TAVARES, Fla. – The grade-schoolers, lined up in the hallway in their uniforms, look skyward and beam with joy.

"Tacko!!!" they yell.

He peers down at them through his glasses, grinning and reaching his long left arm out. To the kids, these are very high-fives: Tacko Fall, high school senior, is 7-feet-6-inches tall. And growing.

The morning greeting looks like a homecoming for a visiting hero, even though Fall is simply on his way to the gymnasium during his free period at Liberty Christian Prep. When he enters, more kids serenade him: "Tackoooo!!!"

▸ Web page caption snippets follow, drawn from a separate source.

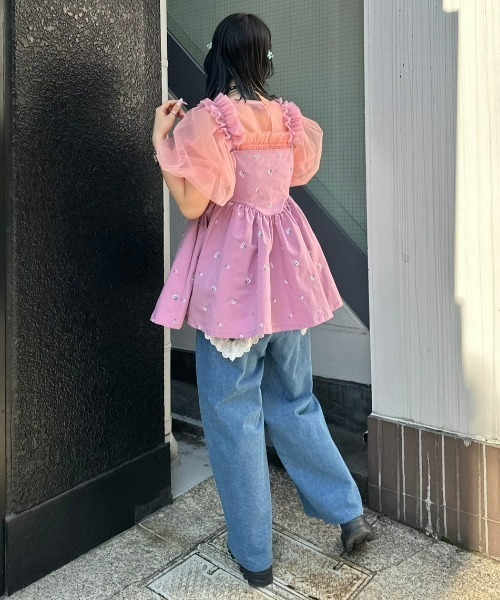 Candy Stripper（キャンディストリッパー）の「TINY FLOWER MINI ワンピース（ワンピース・レディース・ピンク/ブラック/ライトブルー・2）」の11枚目の写真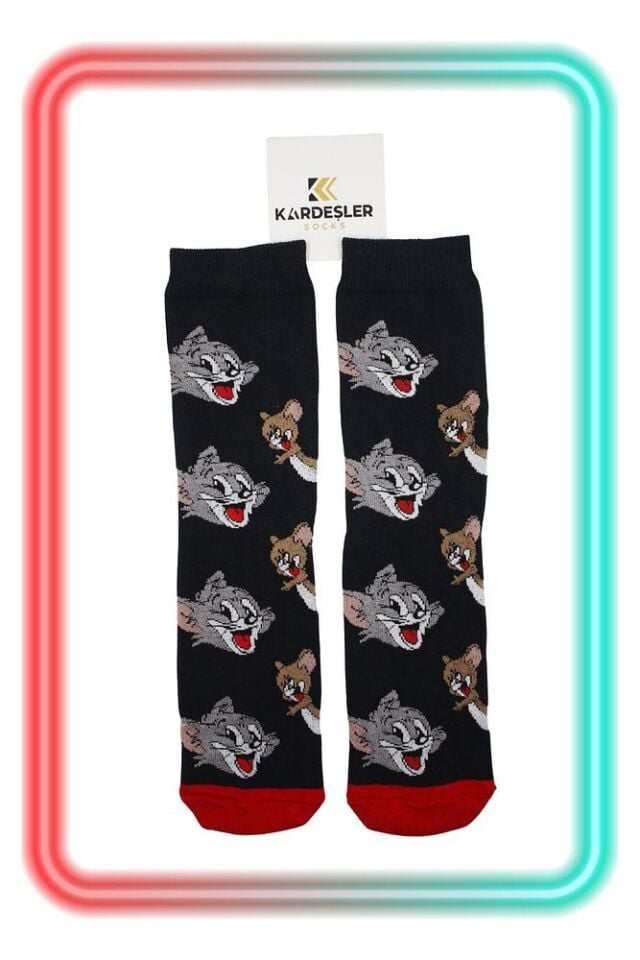 Unisex Renkli Desenli Çorap Neşeli Çoraplar Çok Renkli - 36-42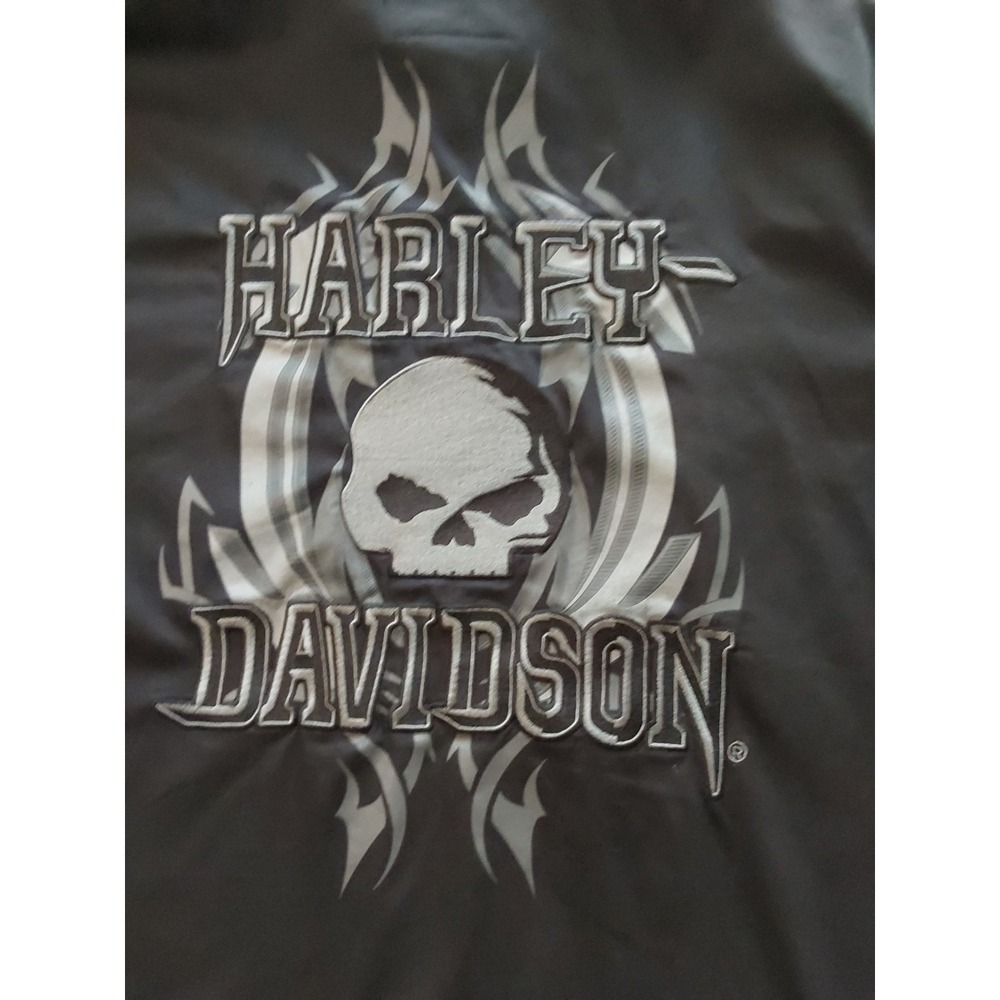 Harley Davidson Skull Button Up Shirt Mens Medium Black Short Sleeve Biker - Picture 10 of 15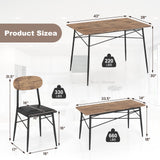 Juego de mesa de comedor de 4 piezas con banco y 2 sillas - Marrón
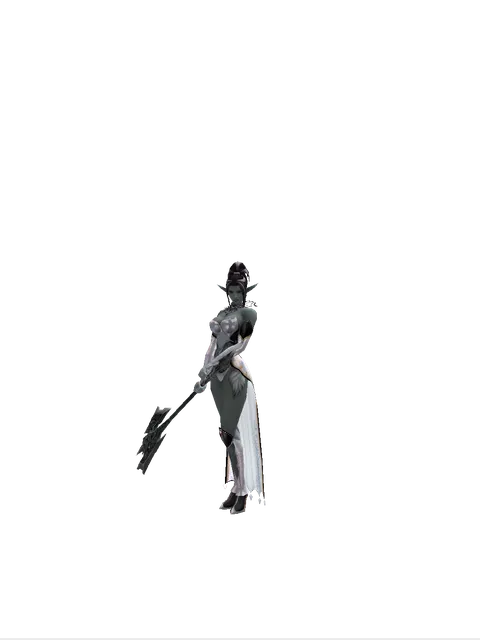 Doom Crusher on a female Dark Elf, front view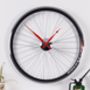 Handmade Bespoke Racing Bike Wheel Clock In Two Sizes, thumbnail 1 of 5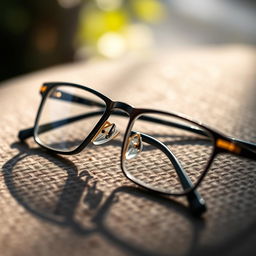 A close-up image of stylish glasses (kacamata) on a textured surface, highlighting the intricate details of the frame and lenses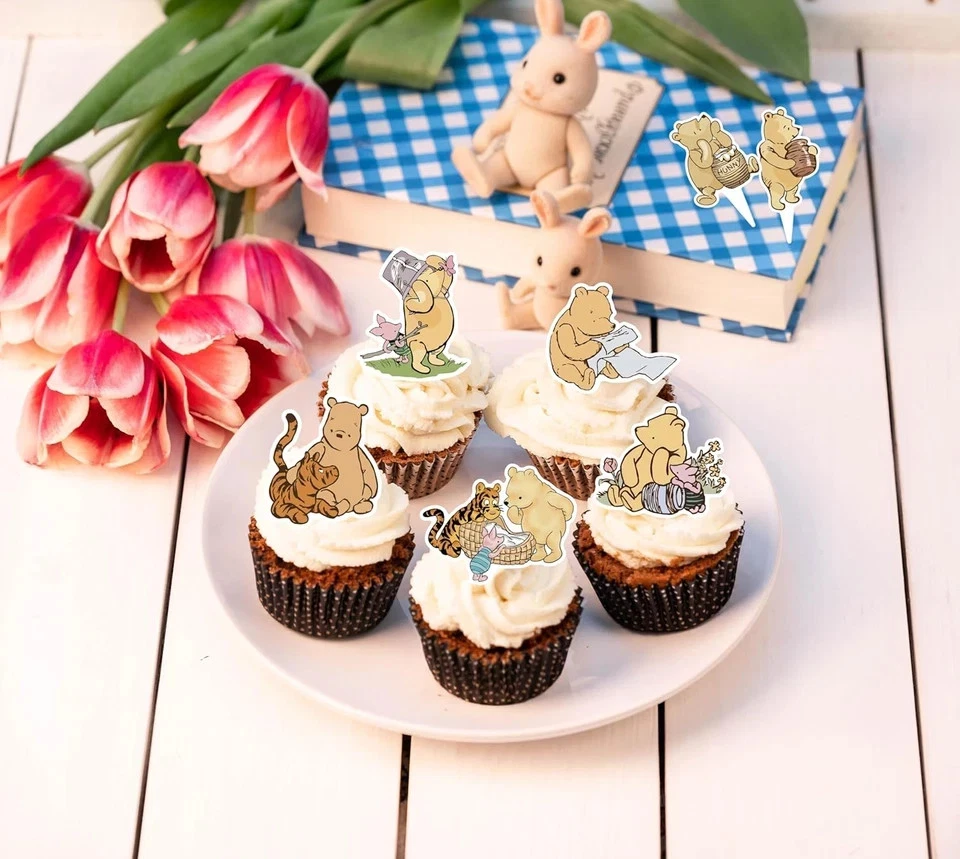 48 Piezas Clásico Winnie Cupcake Toppers Decoración de Pasteles Lindo Pooh Baby Shower Foto 4 de 4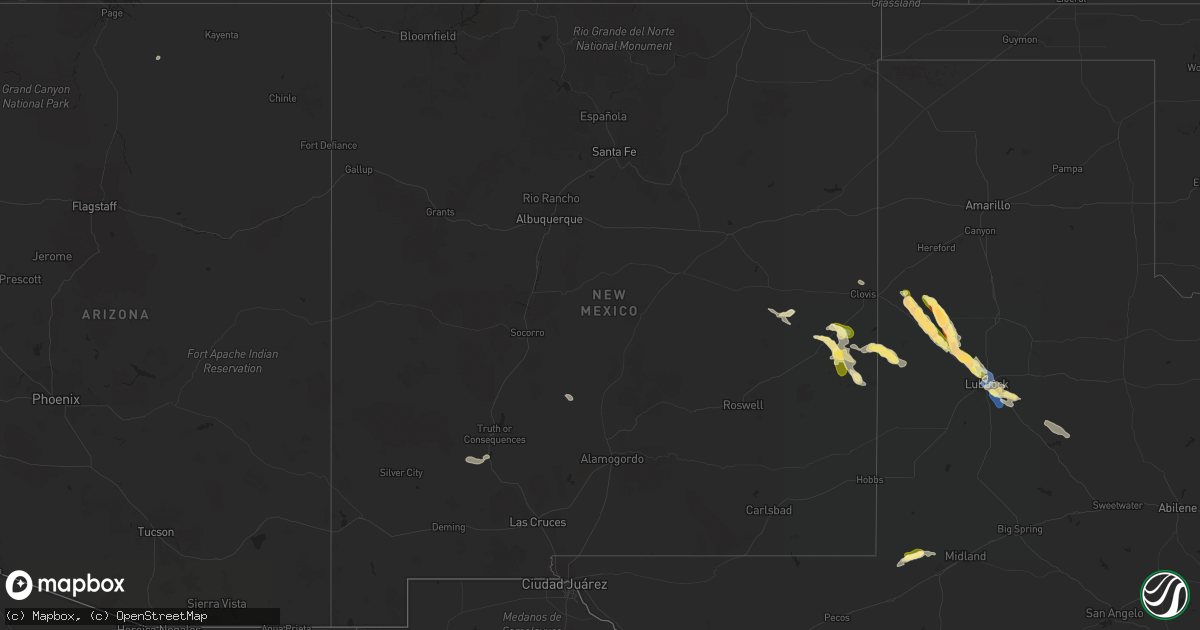 Hail map in New Mexico on September 14, 2023
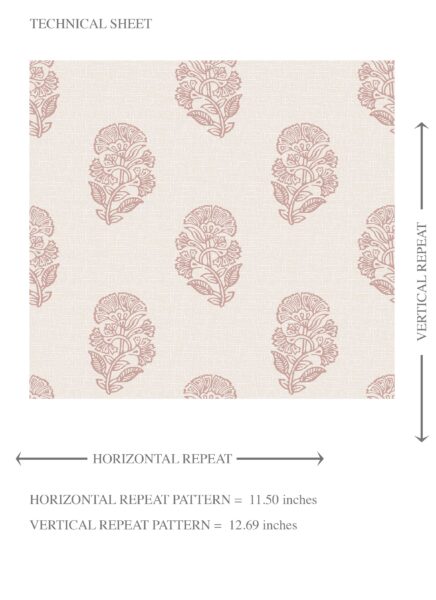 'Earina' Botanical/ Floral Block Print Wallpaper (Pink/ Cream) - Image 8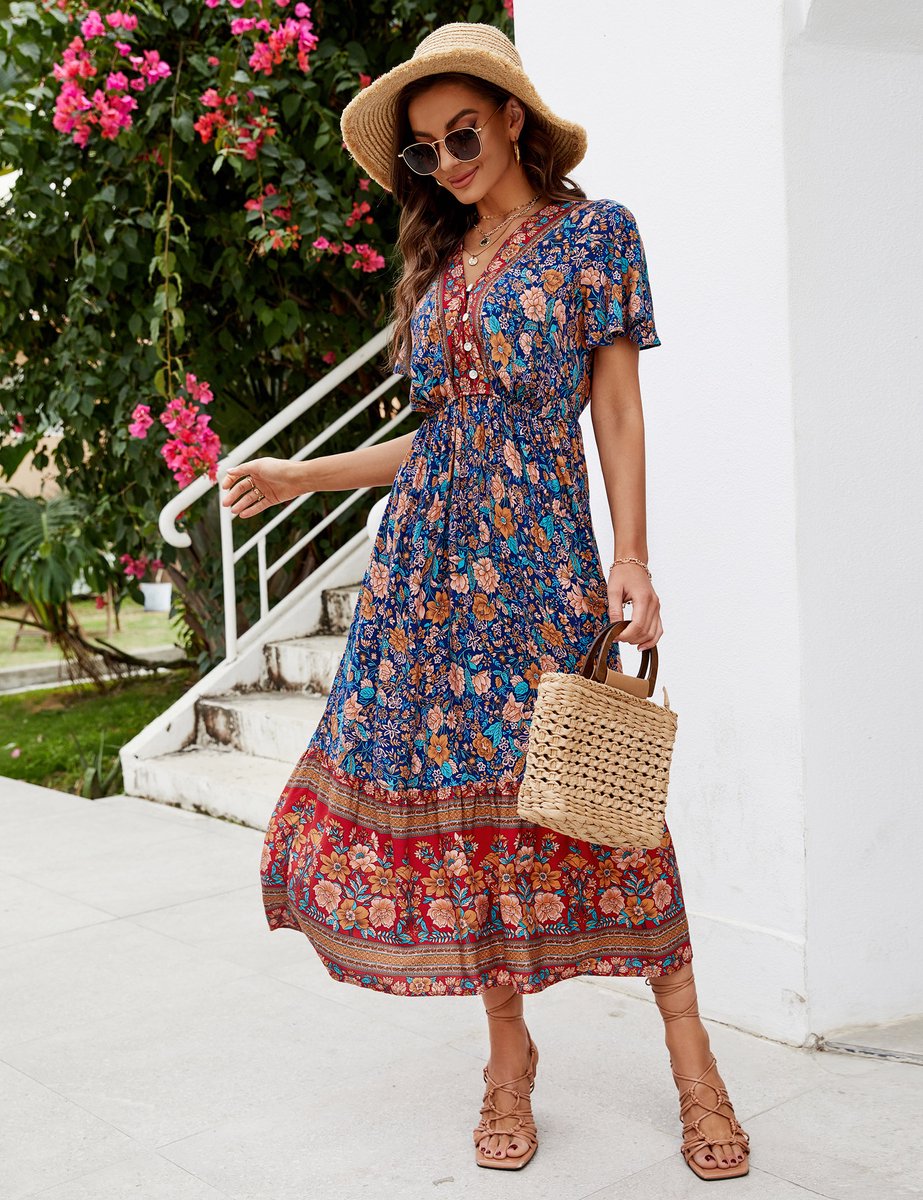 Enora™ | Robe Midi Fleurie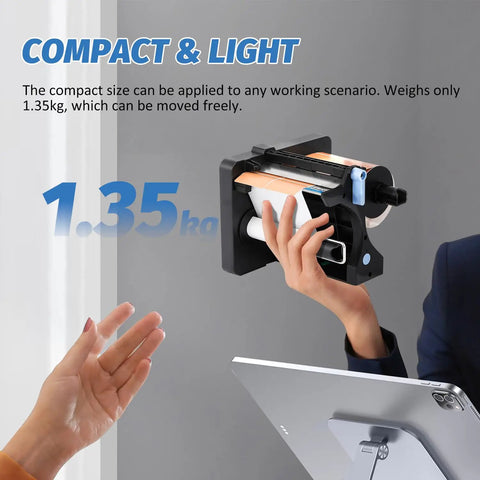 Workhorse Portable Label Dispenser With Dual Sensors And Three Speed Modes For Shipping Packages Includes Rechargeable Battery with hands demonstrating portability.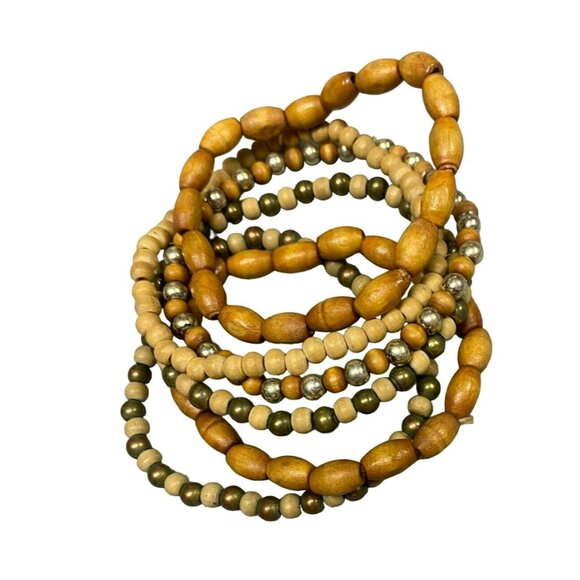 Multicolor Stone, Red and White Wood, and Wood Bead Bracelets - Picture 6 of 6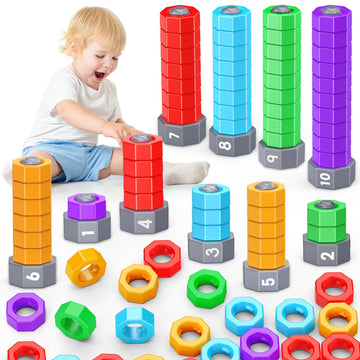 Montessori Toys For 1 2 3 4 5 Year Old Boys Girls, 2 In 1 Counting Toys & Spinning Stacking Toys For Toddlers 1-3 Educational Learning Toys Easter Birthday Gifts For Kids Age 1-5 Autism Sensory Toy
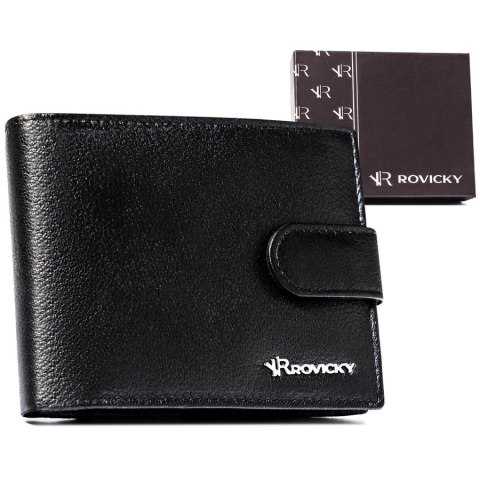 Duży pojemny portfel męski ze skóry naturalnej R-N992L-PDM-3272 BLA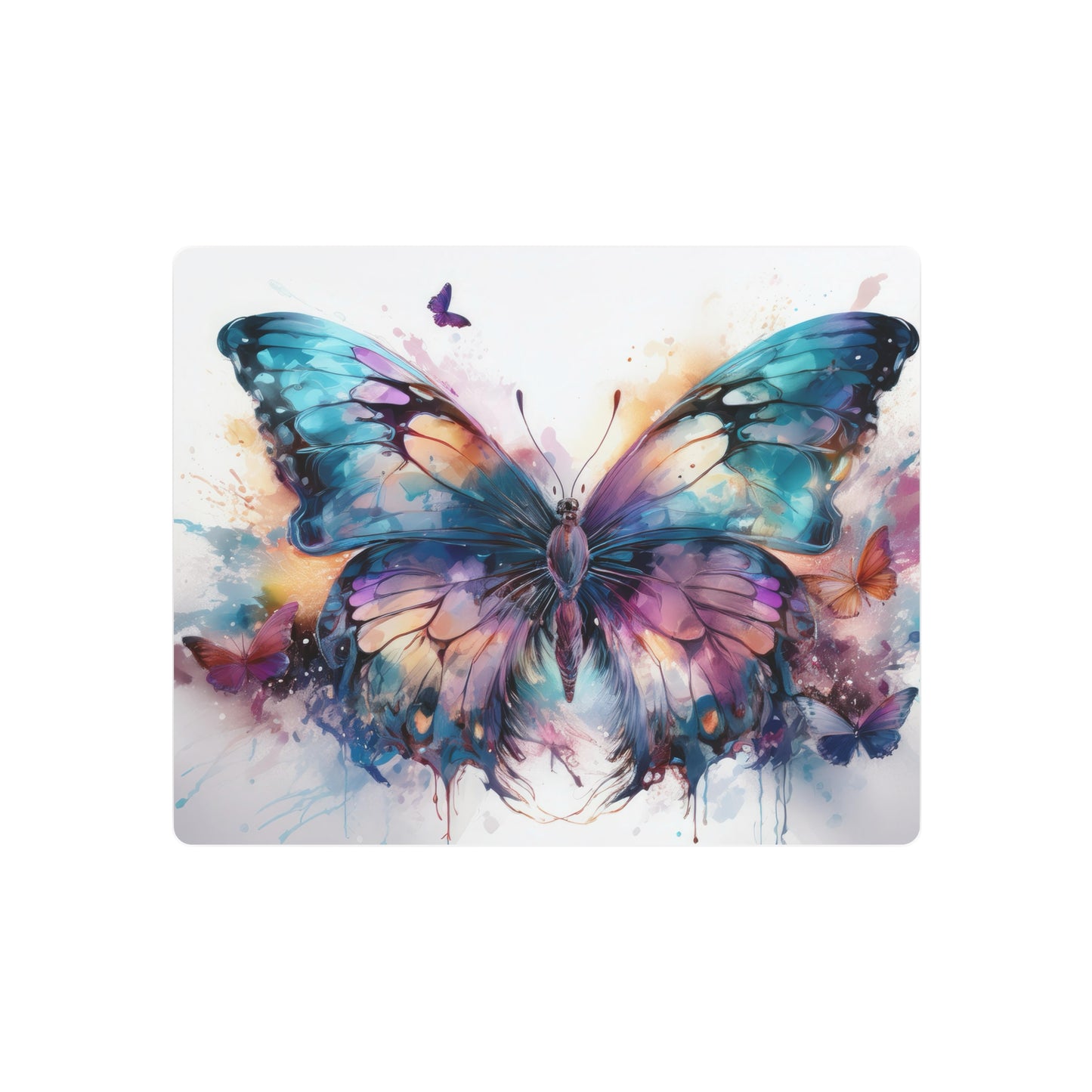 Butterfly Teal and Purple Ink Watercolor Metal Art Sign Print
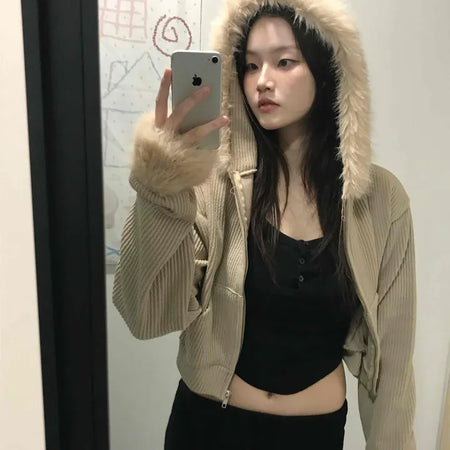 Striped Fur Contrast Loose Fit Zip-Up Hoodie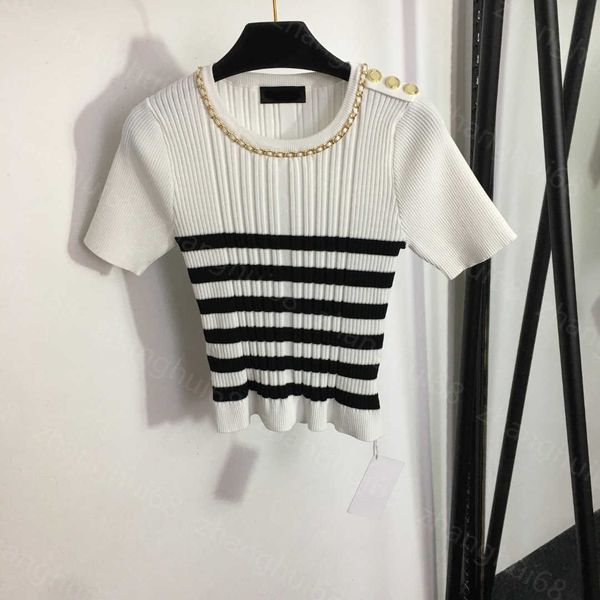 23ss womens designer clothing womens knits b letter shoulder buckle bump color striped hardware chain crewneck short-sleeved sweater womens, White
23ss womens designer clothing womens knits b letter shoulder buckle bump color striped hardware chain crewneck short-sleeved sweater womens, White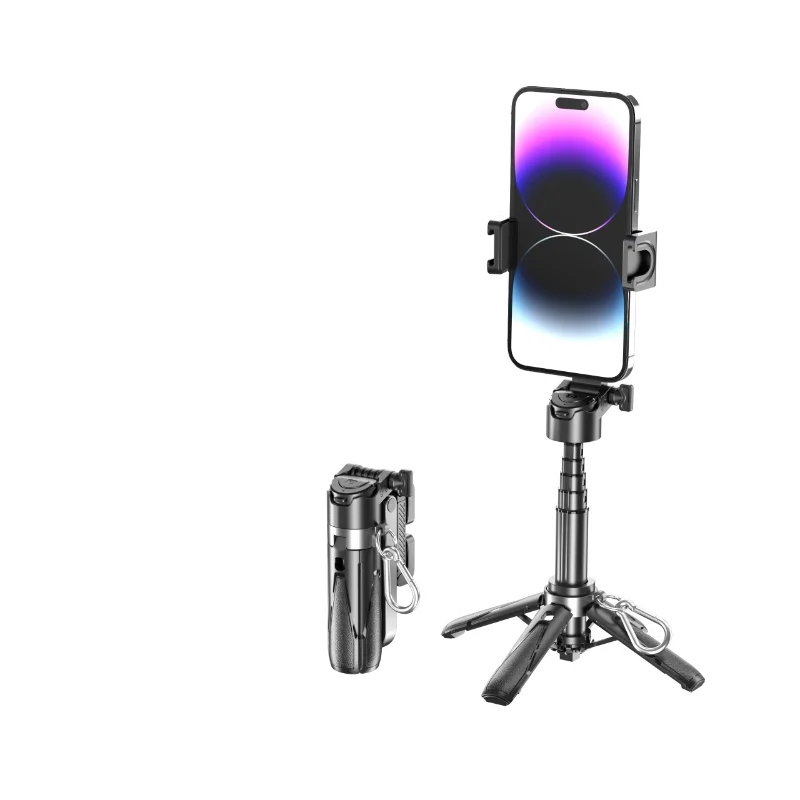 Recentemente atualizado design mini bluetooth portátil telescópico multifuncional tripé telefone selfie vara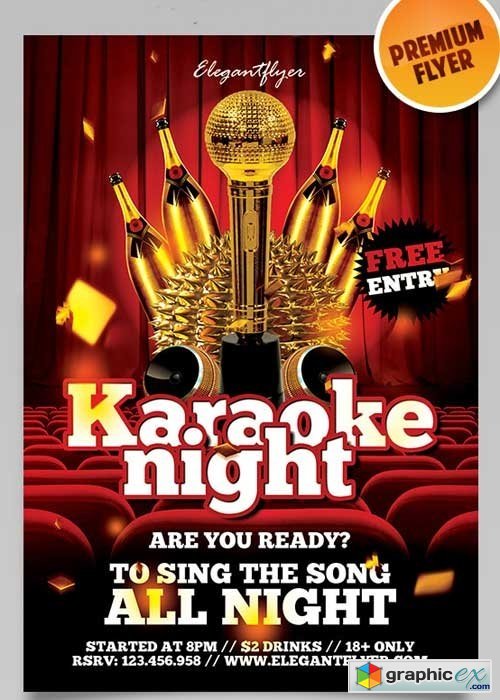 Karaoke Night V3 Flyer PSD Template + Facebook Cover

Tacko Fall enjoys celebrity status at Liberty Christian Prep. (Yahoo Sports)
Tacko Fall enjoys celebrity status at Liberty Christian Prep. (Yahoo Sports)

He smiles and stands under the basketball hoop, reaching up with that same left arm and nearly touching the rim without lifting his heels. He smiles for a photo. He's used to that. He gets snapped wherever he goes, even without his permission.

He understands. He's one of the 60 or so tallest people known ever to walk the Earth.

"I would be surprised to see me, too," he quips.

Especially here. Fall is a Senegalese teenager living in a rural Florida town between Orlando and Gainesville, one of just 15 students in his class. He's a devout Muslim at a school that pledges allegiance every morning to the American flag, the Christian flag, and the Bible. In two years he's gone from Dakar to Texas to Ohio to Tennessee to Georgia and then here. Next year, he'll be at the University of Central Florida on a basketball scholarship. Beyond that? Well, everyone knows what the goal is: the NBA. He's averaging a triple-double in this young season, and he's getting better rapidly.

It's intriguing to imagine where a 7-6, 19-year-old basketball player will end up, but it's even more fascinating to trace the winding path Tacko Fall took to get to his unlikely home.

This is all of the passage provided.